Data Simulation Script

If you'd like to test your workflows or the 8-step process on example data, we provide a script that simulates EHR and demographic records with realistic data quality issues:

  • Script: scripts/simulate_ehr_data.R
  • Purpose: Generates BMI, height, weight, and demographic data for a specified number of individuals, optionally introducing missing or implausible values.

Example Usage

Rscript scripts/simulate_ehr_data.R \
  --output_ehr "./data/raw/ehr_bmi_simulated_data.tsv" \
  --output_ehr_dict "./data/raw/data_dictionary.txt" \
  --output_demo "./data/raw/demographics_simulated_data.tsv" \
  --output_demo_dict "./data/raw/demographics_data_dictionary.txt" \
  --seed 123 \
  --n_individuals 1000

Explanation of Arguments:

  • --output_ehr: Where to save the simulated EHR (BMI) data (TSV).
  • --output_ehr_dict: Where to write the EHR data dictionary (TXT).
  • --output_demo: Where to save the demographics data (TSV).
  • --output_demo_dict: Where to write the demographics data dictionary (TXT).
  • --seed: Random seed for reproducibility.
  • --n_individuals: Number of unique individuals to simulate (default=1000).

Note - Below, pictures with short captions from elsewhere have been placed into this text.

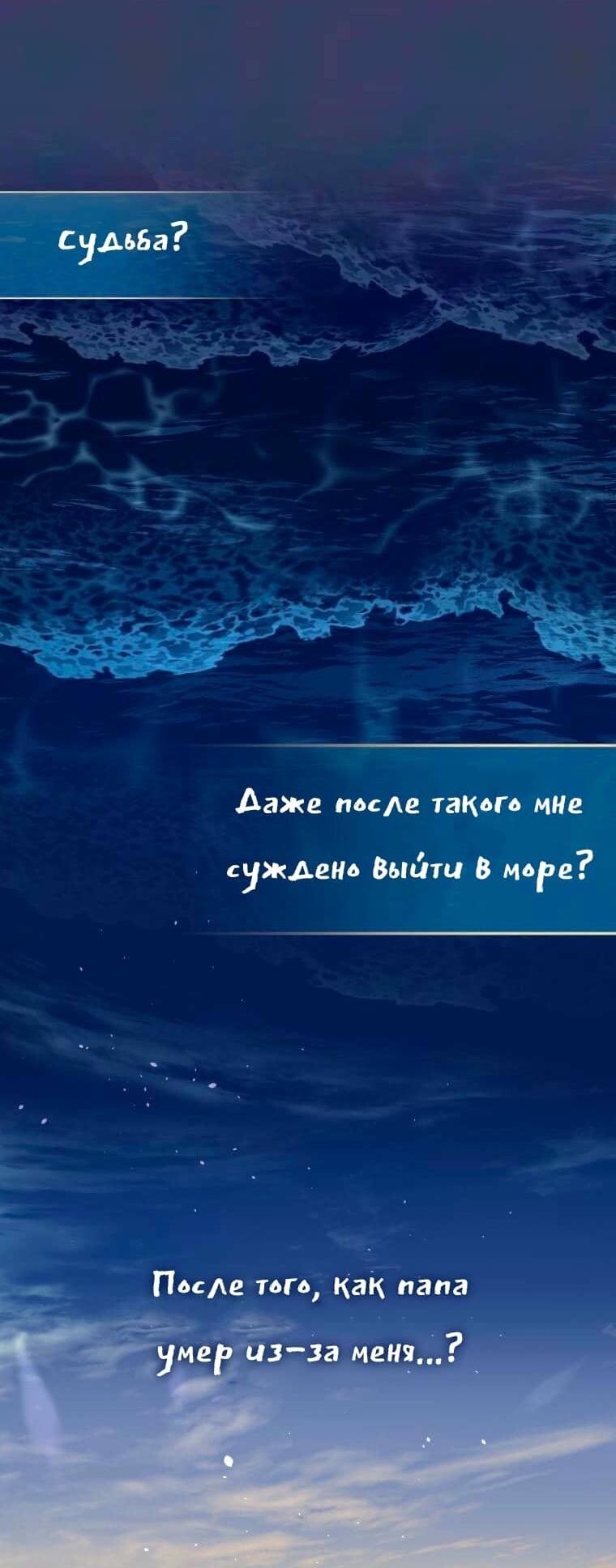 Манга Морская птица и волк - Глава 25 Страница 52
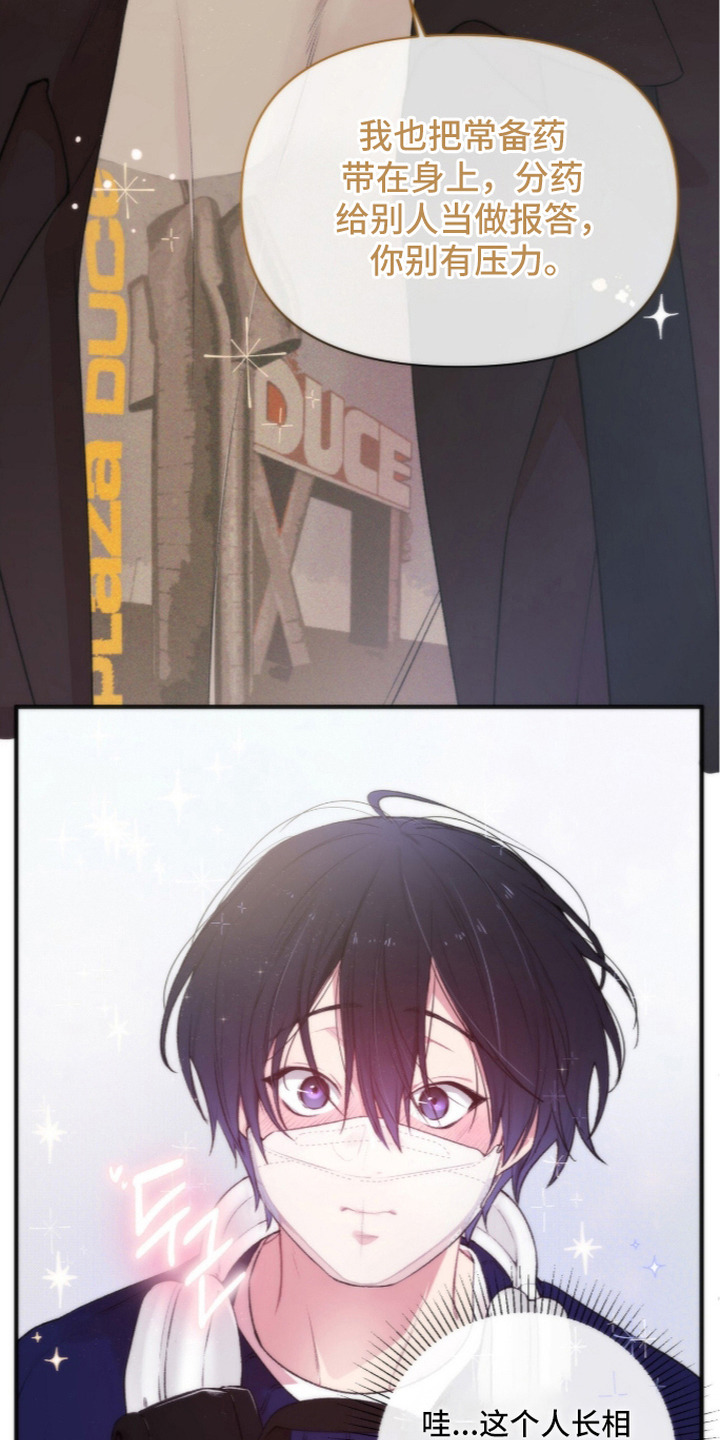 错频心跳漫画,第4章：脸红2图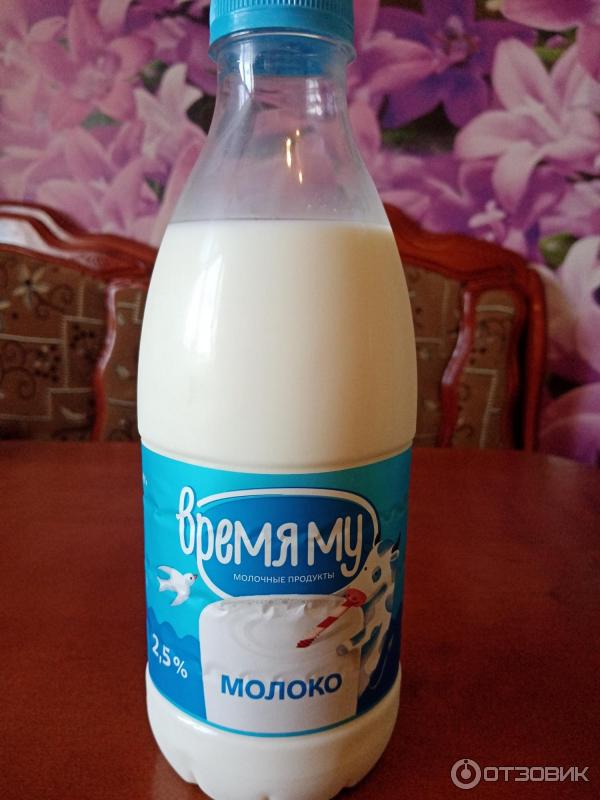 курское молоко время му. молоко срок хранения. молоко время му. время му молоко производитель. молоко домашнее.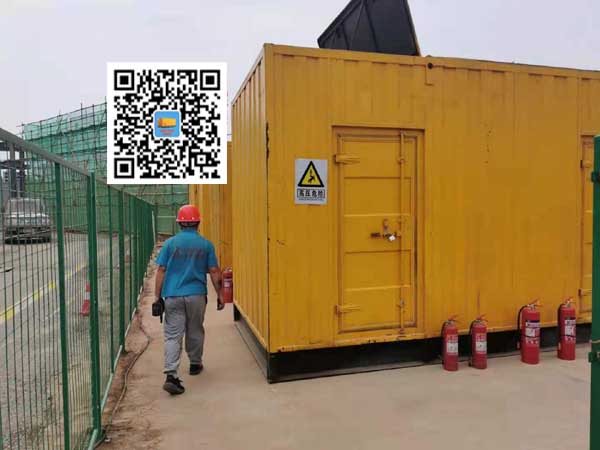 龙陵出租发电机常规保养内容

By running this script, you can quickly produce synthetic data for testing code-refinement prompts, checking your data-cleaning pipelines, or practicing the entire 8-step process from ingestion to documentation.

Contributing

  • We welcome pull requests for refinements, corrections, or extensions.
  • Please open issues for any questions, or join discussions to keep this textbook accurate and helpful.

License

This repository is licensed under the GNU General Public License v3.0.


Happy learning and coding with GenAI tools!